TASK
Reproduced exactly, the lines from the start of the material through the line containing "2.4GHz RC 4x4" should be the whole answer, with pictures excluded.

━━ DATASET RECORDS

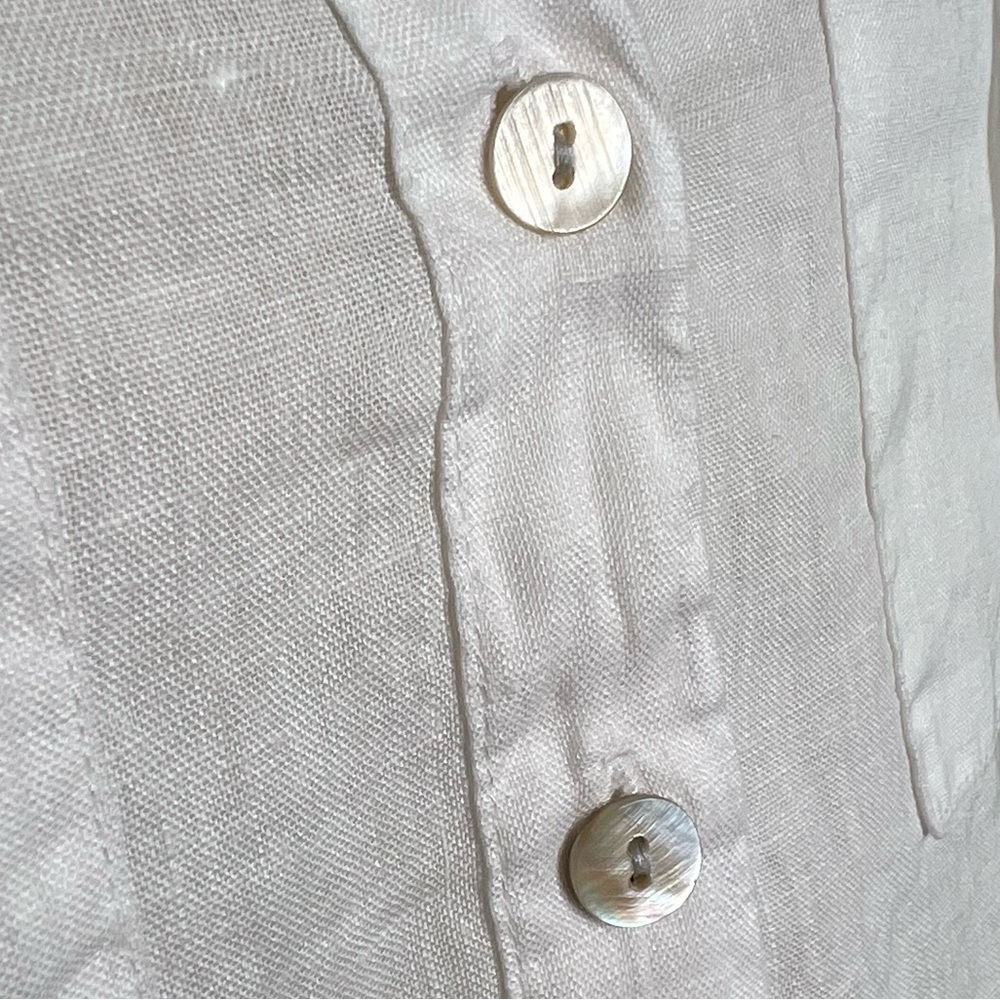 Isaac Mizrahi 100% Linen Blouse V Neck Button Up White Medium M - Picture 9 of 11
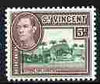 St Vincent 1949-52 KG6 Pictorial def 5c green & purple-brown unmounted mint SG 168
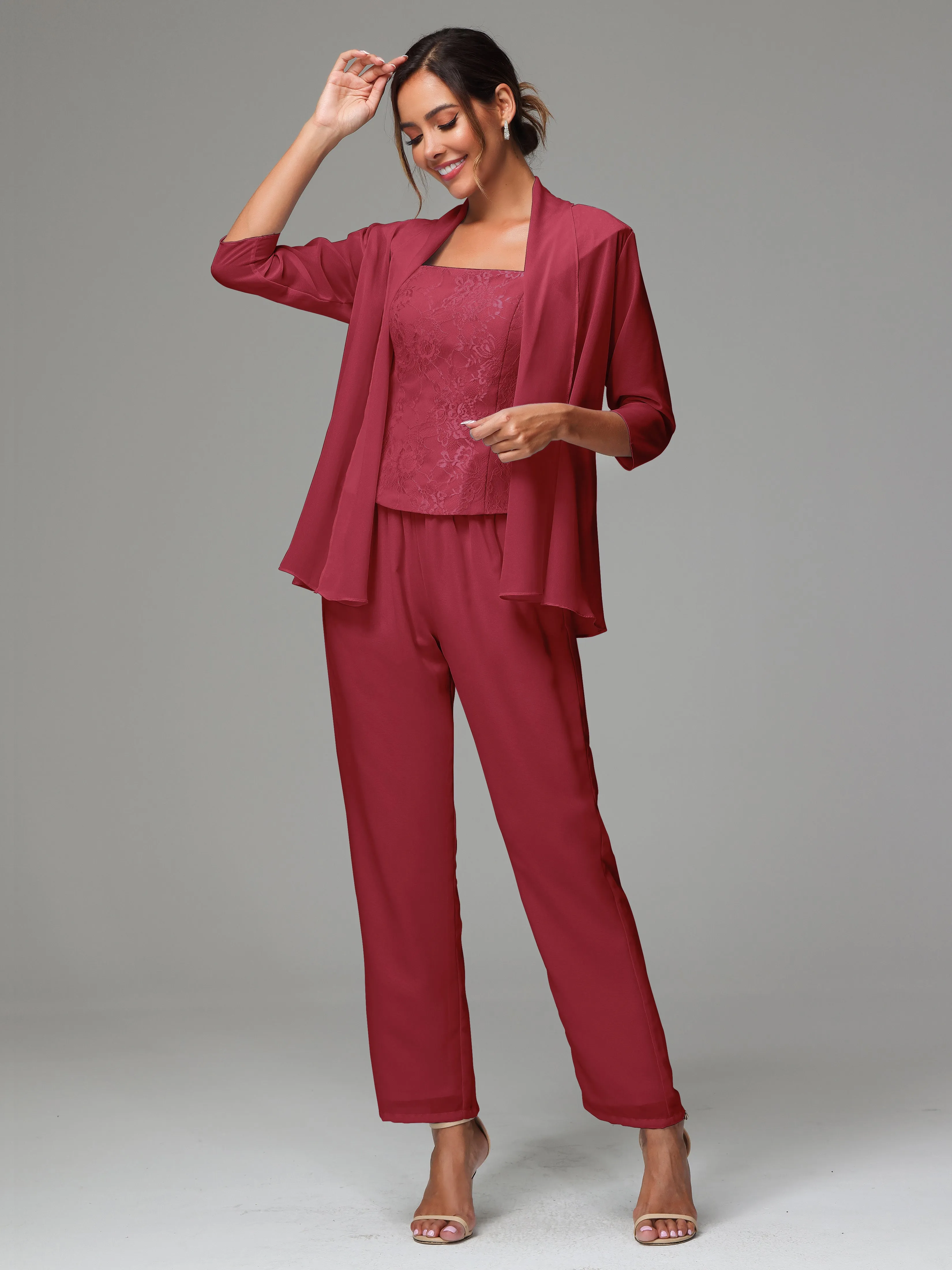 3 Pieces Chiffon Lace Long Sleeves Mother Of The Bride Dress Pants Suits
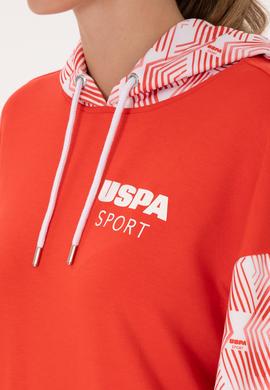 Kadın Kırmızı Modal Karışımlı Kapüşonlu Sweatshırt - 50300694012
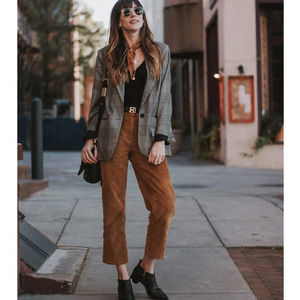 Everlane Pants 8 Brown Tan High Rise Corduroy Wide Leg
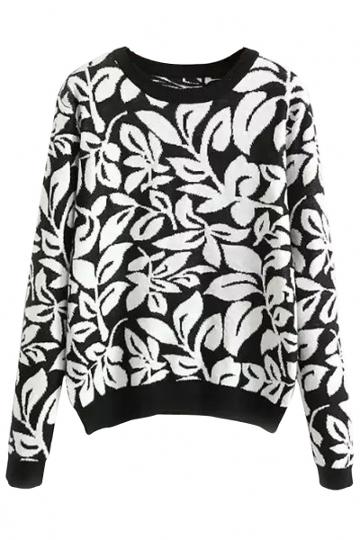 Oasap National Wind Print Round Neck Long Sleeve Sweater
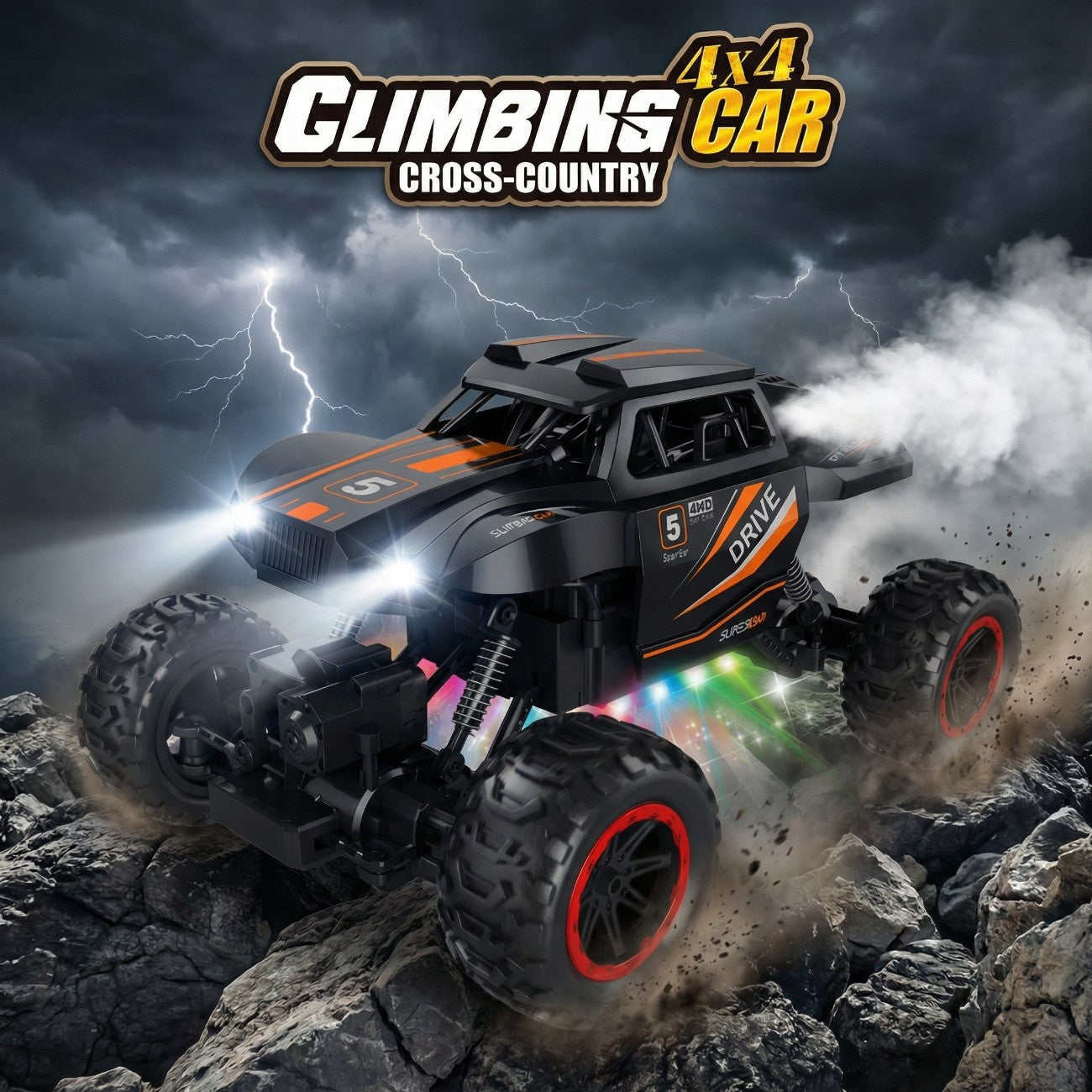 2.4GHz RC 4x4 Off-Road Climbing Spray Truck – Remote Control Monster Truck with Lights & Sound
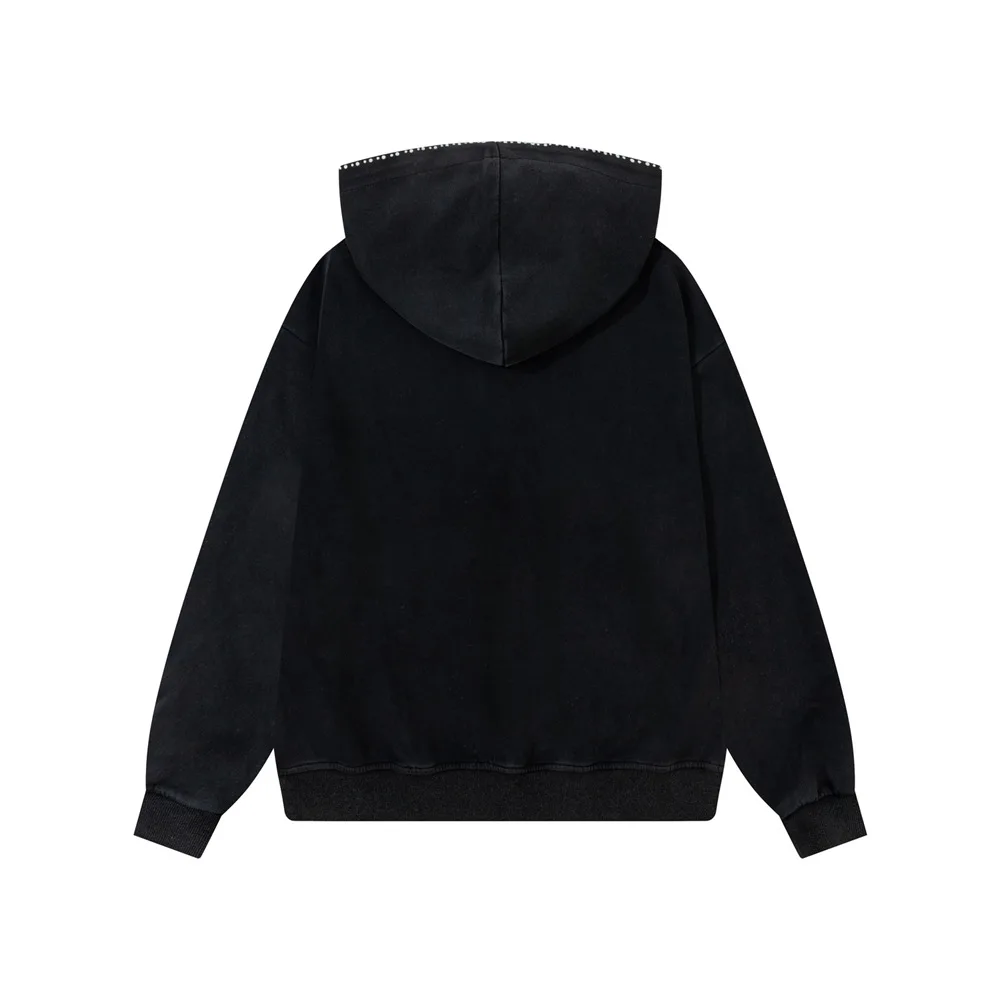 MWJLPWQ American Retro Washed Hooded Cardigan Sweatshirt For Men Spring Autumn Punk Street Style Rhinestones Double Tops 17587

━━━━

RESPONSE
 Isaac Mizrahi 100% Linen Blouse V Neck Button Up White Medium M - Picture 9 of 11
 St Vincent 1949-52 KG6 Pictorial def 5c green & purple-brown unmounted mint SG 168
 3 Pieces Chiffon Lace Long Sleeves Mother Of The Bride Dress Pants Suits
 Kadın Kırmızı Modal Karışımlı Kapüşonlu Sweatshırt - 50300694012
 Everlane Pants 8 Brown Tan High Rise Corduroy Wide Leg
 Oasap National Wind Print Round Neck Long Sleeve Sweater
 2.4GHz RC 4x4 Off-Road Climbing Spray Truck – Remote Control Monster Truck with Lights & Sound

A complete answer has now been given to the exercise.